Elezioni a Venezia, firme false per la lista di Forza Nuova: perquisite le case di otto attivisti

Gli uomini della Digos negli appartamenti di Sebastiano Sartori e Alessandra Guarinoni, storici esponenti del movimento di estrema destra
Sebastiano Sartori
Sebastiano Sartori

VENEZIA. Firme false per presentare la lista di Forza Nuova alle elezioni comunali di Venezia di giugno 2015: a quasi un anno di distanza sono state perquisite le abitazioni di otto attivisti del movimento di estrema destra. Si tratta di quattro veneziani e di altrettanti trevigiani. Tra i veneziani figurano nomi di spicco come Sebastiano Sartori, storico leader di Forza Nuova in laguna e del movimento a livello regionale, e Alessandra Guarinoni, oggi leader di Forza Nuova a Venezia.

L'indagine fa capo alla Digos veneziana su input della Procura della Repubblica lagunare che ora ha passato tutto alla Procura di Pordenone, dal momento che i fatti contestati erano accaduti a Portogruaro che cade, dal punto di vista giudiziario, sotto la Procura friulana.
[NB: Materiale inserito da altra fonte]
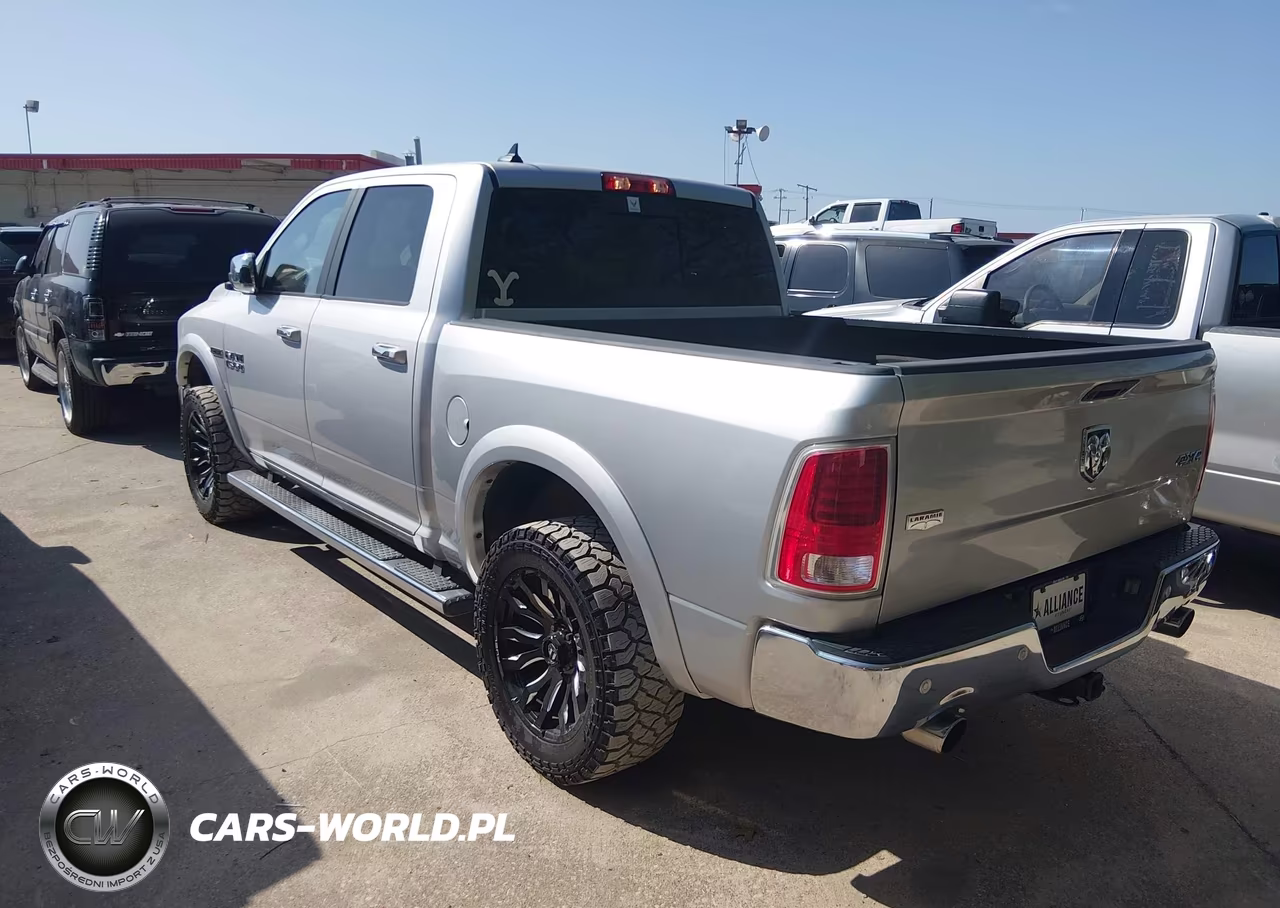 2018 Ram 1500 Laramie 4X4 5'7 Box VIN:1C6RR7NM3JS254722 - 3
A decidere per la non ammissione della lista di Forza Nuova alle comunali 2015, con candidato il segretario Roberto Fiore, era stato l'Ufficio elettorale del Comune di Venezia e successivamente la linea era stata confermata dal Tar del Veneto.
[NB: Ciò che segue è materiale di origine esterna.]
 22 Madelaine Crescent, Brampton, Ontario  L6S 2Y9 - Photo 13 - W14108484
La lista era stata esclusa perché parte delle firme a supporto erano state autenticate a Portogruaro, comune diverso da quello dove si svolgevano le elezioni. Forza Nuova aveva replicato sostenendo che non esiste una norma che vieta esplicitamente che le firme siano autenticate altrove, ma per i giudici amministrativi veneti non c'era dubbio: vale la logica. Avevano osservato i giudici «come nessuno degli altri soggetti legittimati ad autenticare le sottoscrizioni (od a compiere altri atti destinati ad attribuire pubblica fede ad un atto privato) quali notai, segretari comunali, cancellieri, possa svolgere tali mansioni indiscriminatamente, senza limiti territoriali», «la loro legittimazione è, invece, sempre limitata ad un determinato territorio di riferimento. Il principio vale anche per i consiglieri di comuni e province».